__PROVIDED RECORDS__
● ● ● ●
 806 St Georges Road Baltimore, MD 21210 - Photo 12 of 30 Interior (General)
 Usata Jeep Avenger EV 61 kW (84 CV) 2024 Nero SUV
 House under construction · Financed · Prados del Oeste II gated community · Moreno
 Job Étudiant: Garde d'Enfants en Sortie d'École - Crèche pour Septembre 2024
● ● ● ●
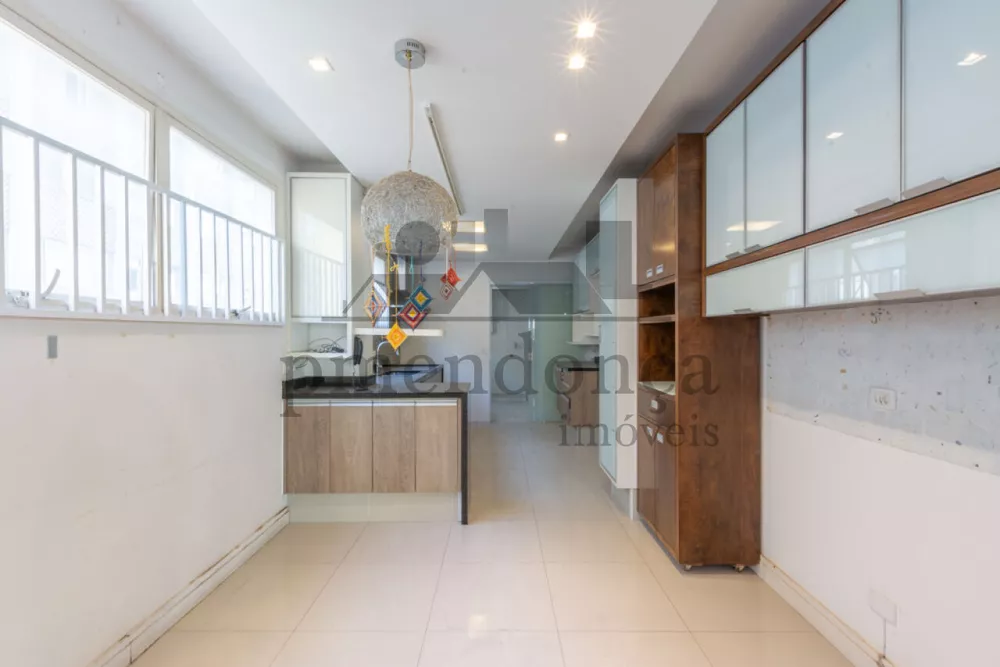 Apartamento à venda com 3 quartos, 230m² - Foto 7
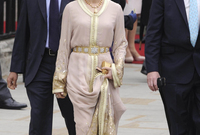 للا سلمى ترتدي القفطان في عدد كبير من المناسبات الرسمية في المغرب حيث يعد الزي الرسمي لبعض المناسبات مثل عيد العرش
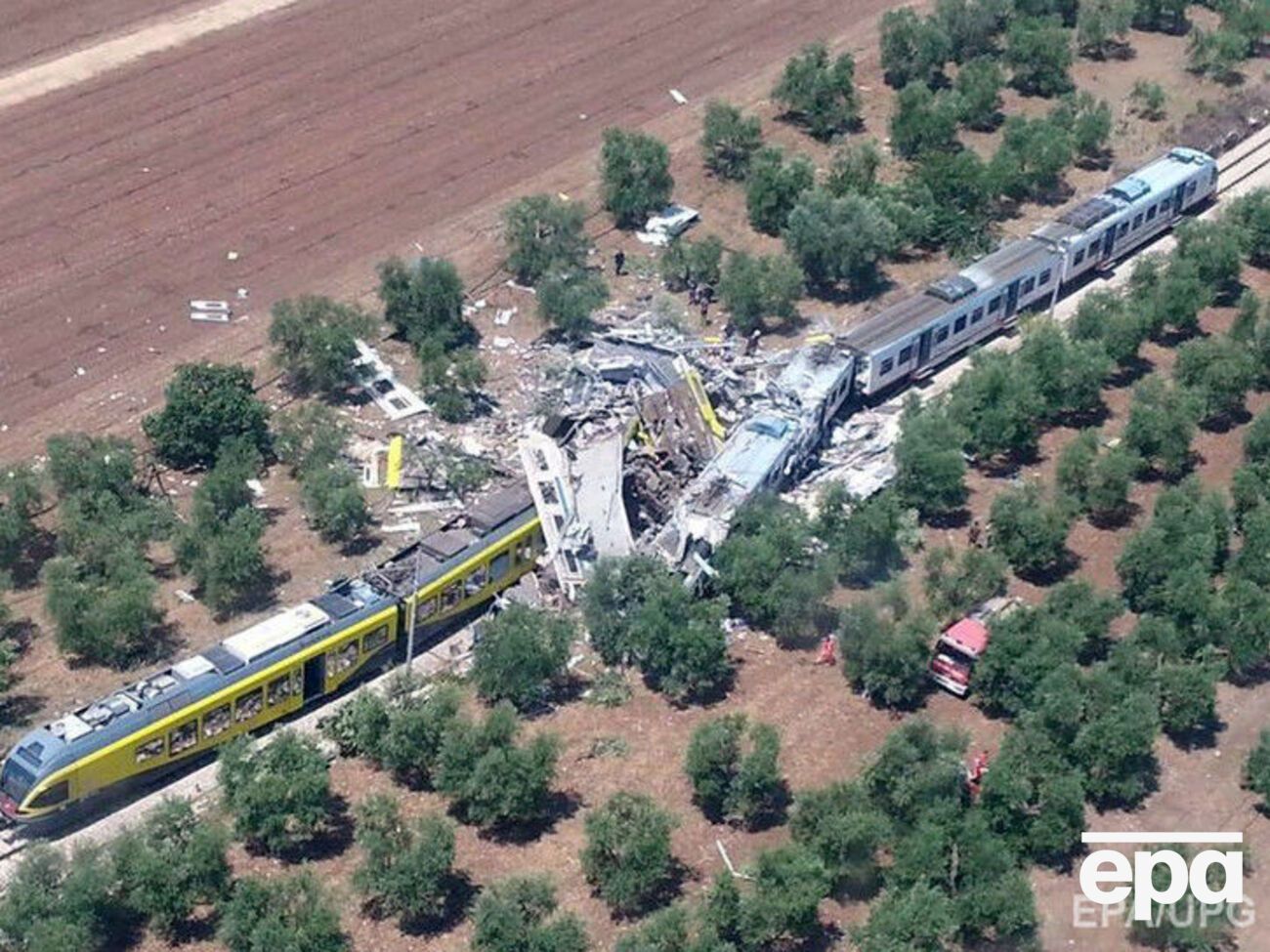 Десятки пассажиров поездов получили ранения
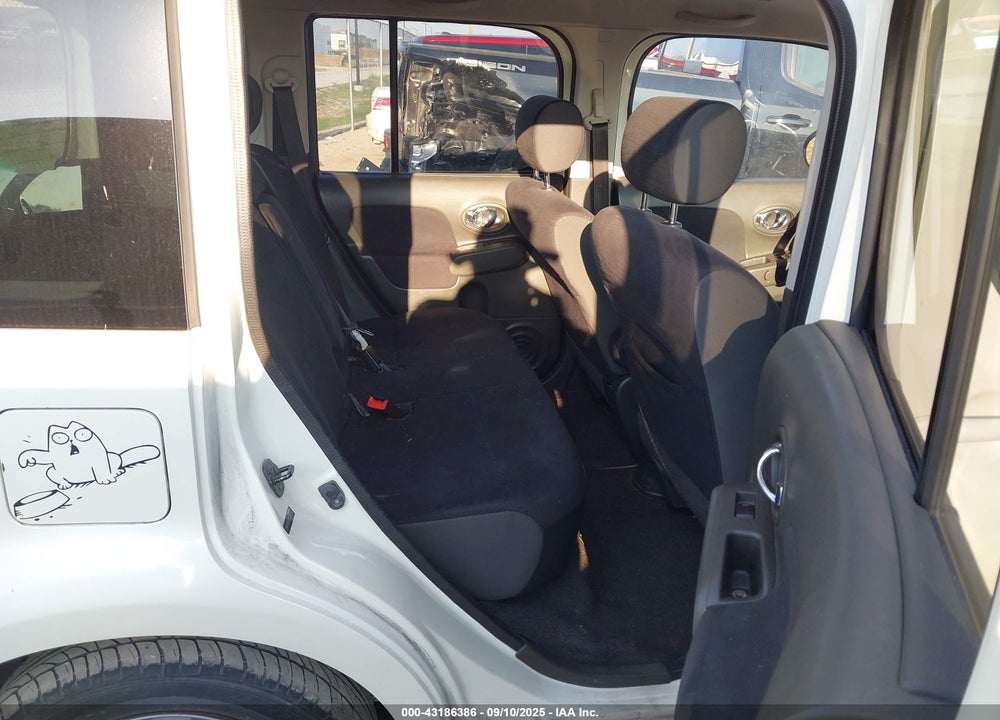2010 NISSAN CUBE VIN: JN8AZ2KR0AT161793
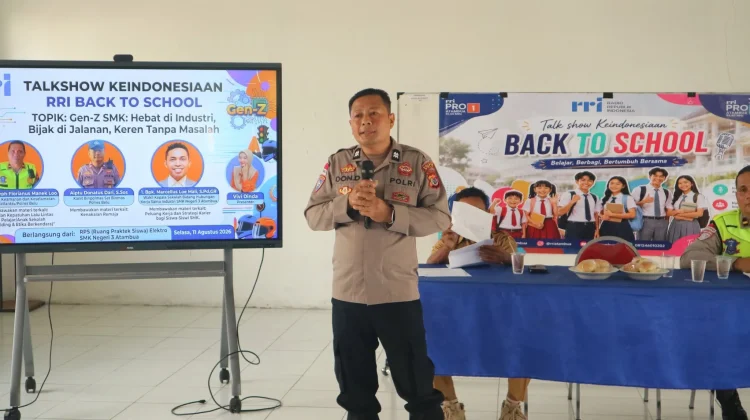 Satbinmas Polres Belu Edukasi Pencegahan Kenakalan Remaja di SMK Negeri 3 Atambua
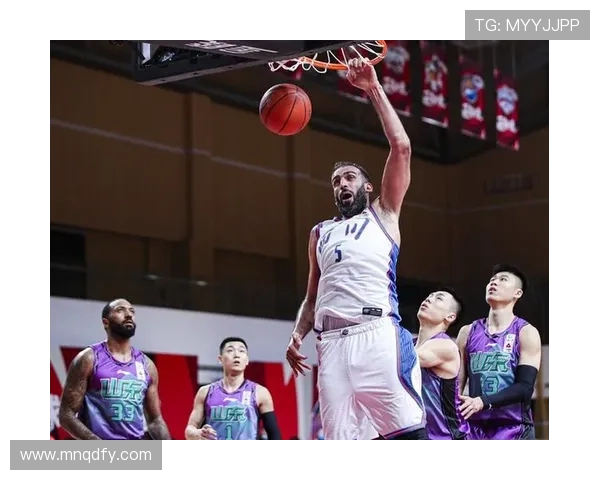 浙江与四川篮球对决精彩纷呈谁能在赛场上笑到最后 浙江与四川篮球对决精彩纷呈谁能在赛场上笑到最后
● ● ● ●
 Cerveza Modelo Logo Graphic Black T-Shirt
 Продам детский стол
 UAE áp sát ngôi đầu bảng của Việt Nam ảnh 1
● ● ● ●
__TASK PROMPT__
Repeat exactly the stretch of the listing above that starts with the line holding "Satbinmas Polres Belu" and finishes with the line holding "浙江与四川篮球对决精彩纷呈谁能在赛场上笑到最后 浙江与四", both included. Skip every picture.

__EXPECTED ANSWER__
 Satbinmas Polres Belu Edukasi Pencegahan Kenakalan Remaja di SMK Negeri 3 Atambua
 浙江与四川篮球对决精彩纷呈谁能在赛场上笑到最后 浙江与四川篮球对决精彩纷呈谁能在赛场上笑到最后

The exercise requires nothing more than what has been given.